ASSIGNMENT =
Reproduce exactly only the lines from the line that holds "Protective film for carpet" to the line that holds "Over 100 killed", inclusive, in the listing below, and please leave out every picture.

ENTRIES SUPPLIED Block Start

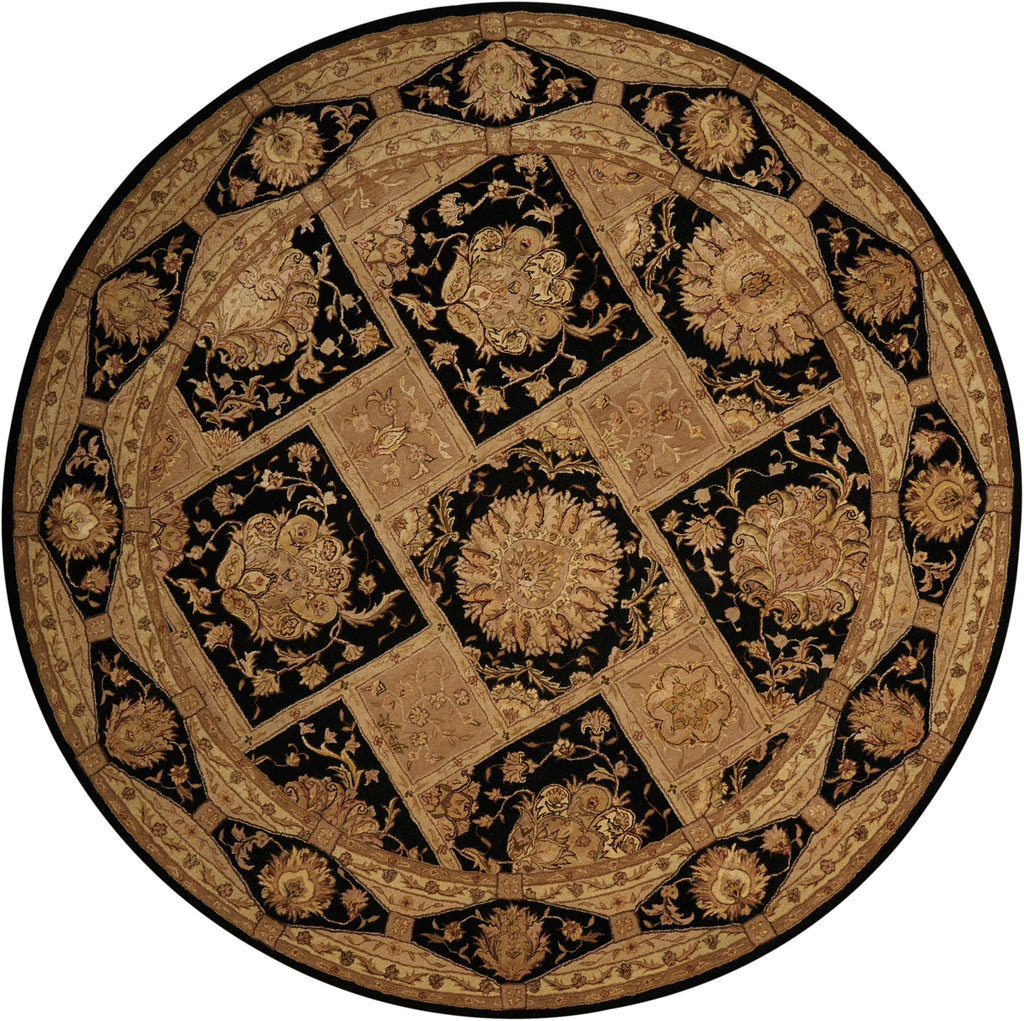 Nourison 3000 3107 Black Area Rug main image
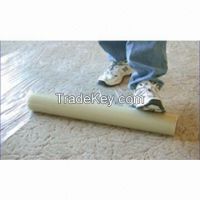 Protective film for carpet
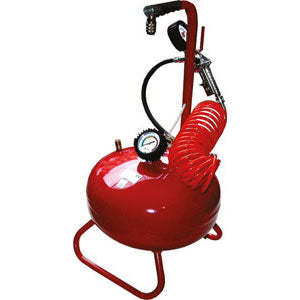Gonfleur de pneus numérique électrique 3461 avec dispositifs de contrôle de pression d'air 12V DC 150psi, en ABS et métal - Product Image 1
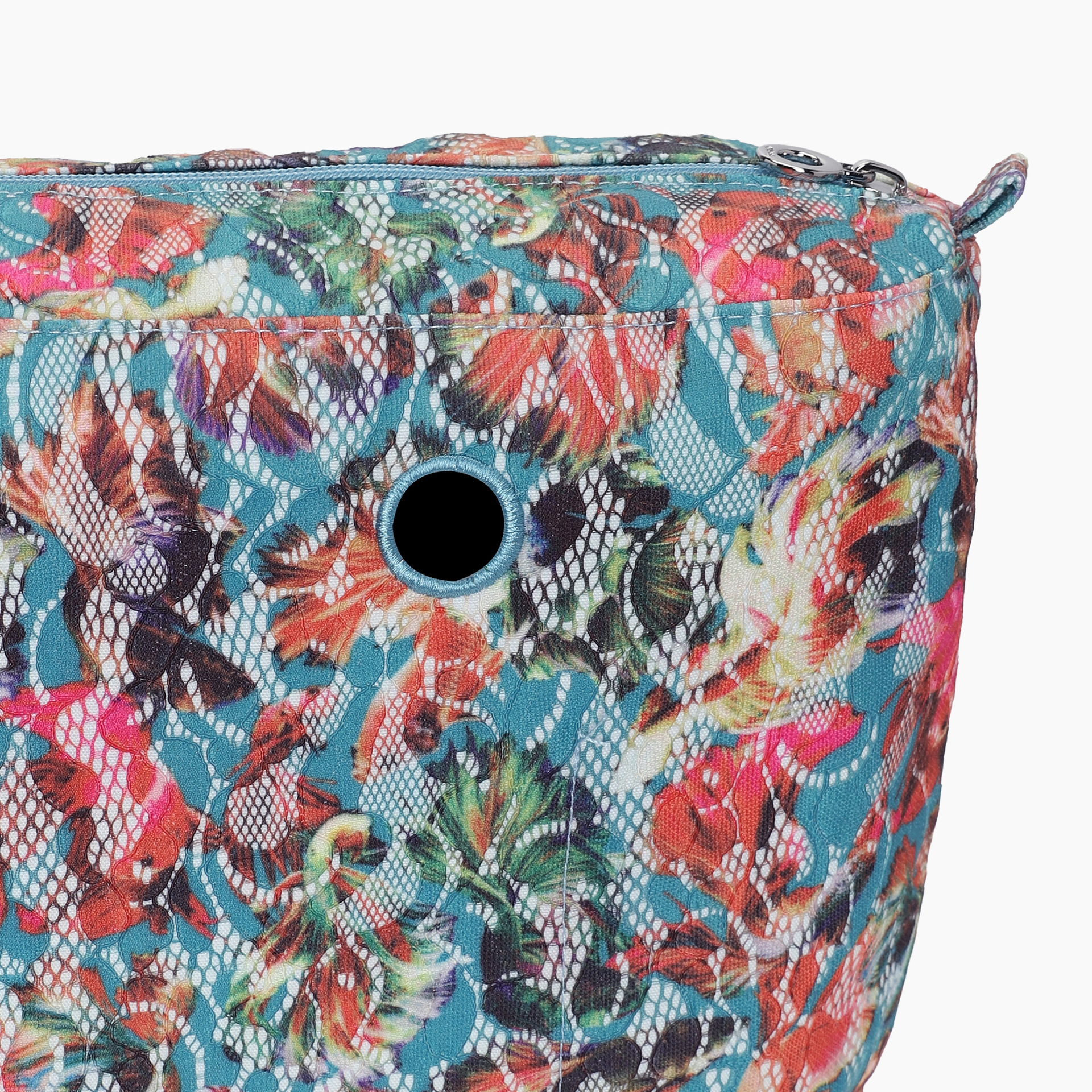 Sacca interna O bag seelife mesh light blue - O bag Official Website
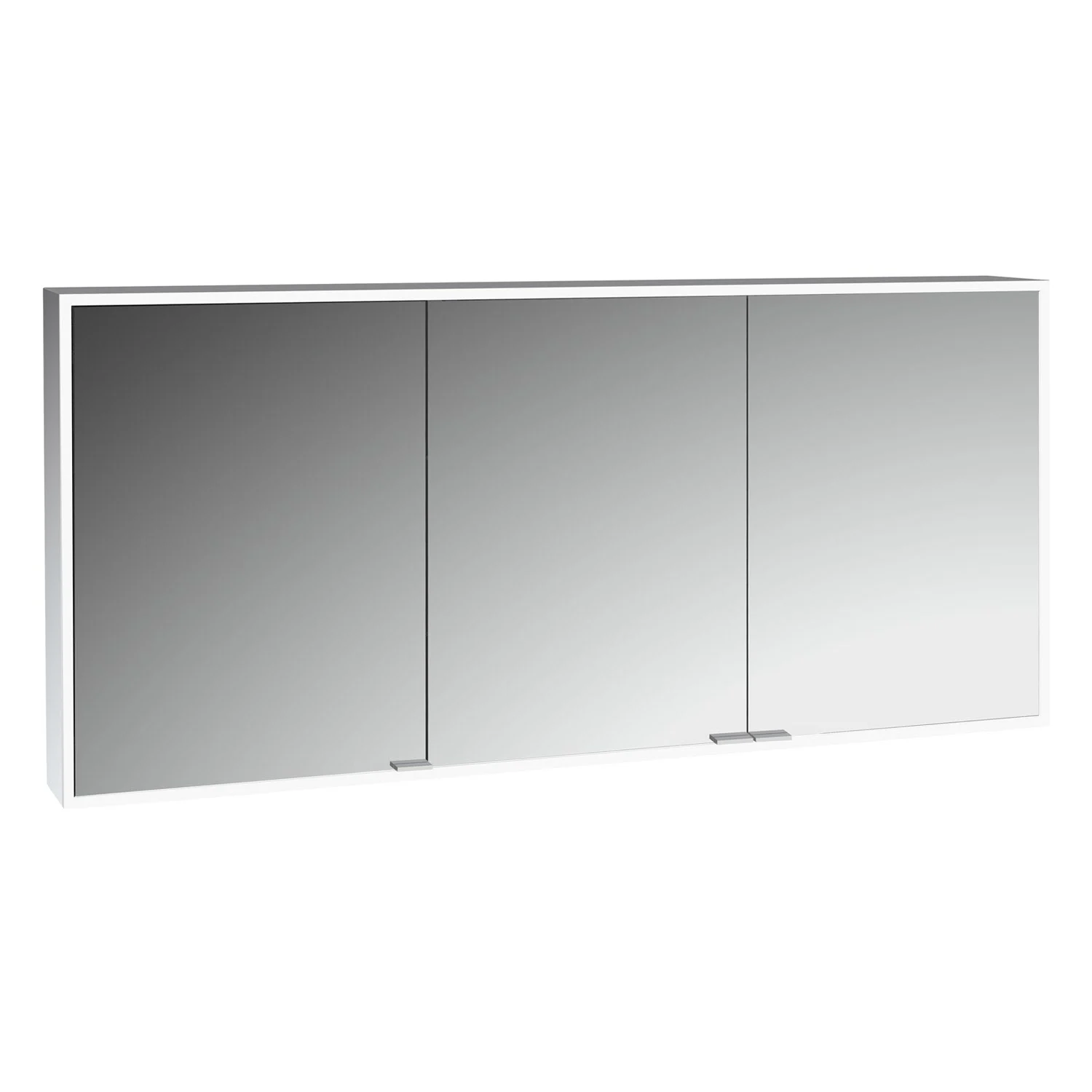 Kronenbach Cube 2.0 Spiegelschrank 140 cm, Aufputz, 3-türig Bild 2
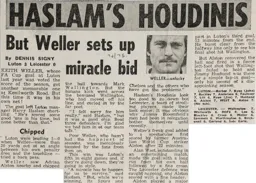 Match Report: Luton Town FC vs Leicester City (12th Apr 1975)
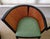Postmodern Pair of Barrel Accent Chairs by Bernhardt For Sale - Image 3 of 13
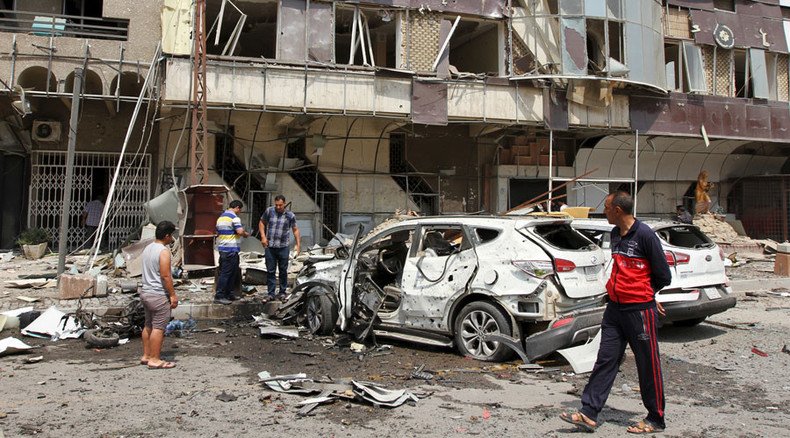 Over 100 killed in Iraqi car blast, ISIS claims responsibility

ENTRIES SUPPLIED Block End
ENTRIES SUPPLIED Block Start

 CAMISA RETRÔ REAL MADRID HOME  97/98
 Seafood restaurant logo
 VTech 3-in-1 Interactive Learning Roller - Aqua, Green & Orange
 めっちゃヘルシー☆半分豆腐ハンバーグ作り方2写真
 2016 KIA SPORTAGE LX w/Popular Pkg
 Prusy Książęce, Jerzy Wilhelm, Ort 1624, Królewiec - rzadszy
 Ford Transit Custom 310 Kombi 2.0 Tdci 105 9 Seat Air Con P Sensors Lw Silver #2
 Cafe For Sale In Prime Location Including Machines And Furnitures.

ENTRIES SUPPLIED Block End
ENTRIES SUPPLIED Block Start

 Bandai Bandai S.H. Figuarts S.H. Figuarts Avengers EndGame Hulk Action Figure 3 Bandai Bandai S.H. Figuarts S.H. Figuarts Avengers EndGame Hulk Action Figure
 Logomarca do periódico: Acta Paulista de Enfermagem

ENTRIES SUPPLIED Block End

WRITTEN REPLY =
 Protective film for carpet
Gonfleur de pneus numérique électrique 3461 avec dispositifs de contrôle de pression d'air 12V DC 150psi, en ABS et métal - Product Image 1
 Sacca interna O bag seelife mesh light blue - O bag Official Website
 Kronenbach Cube 2.0 Spiegelschrank 140 cm, Aufputz, 3-türig Bild 2
 Match Report: Luton Town FC vs Leicester City (12th Apr 1975)
Postmodern Pair of Barrel Accent Chairs by Bernhardt For Sale - Image 3 of 13
 Over 100 killed in Iraqi car blast, ISIS claims responsibility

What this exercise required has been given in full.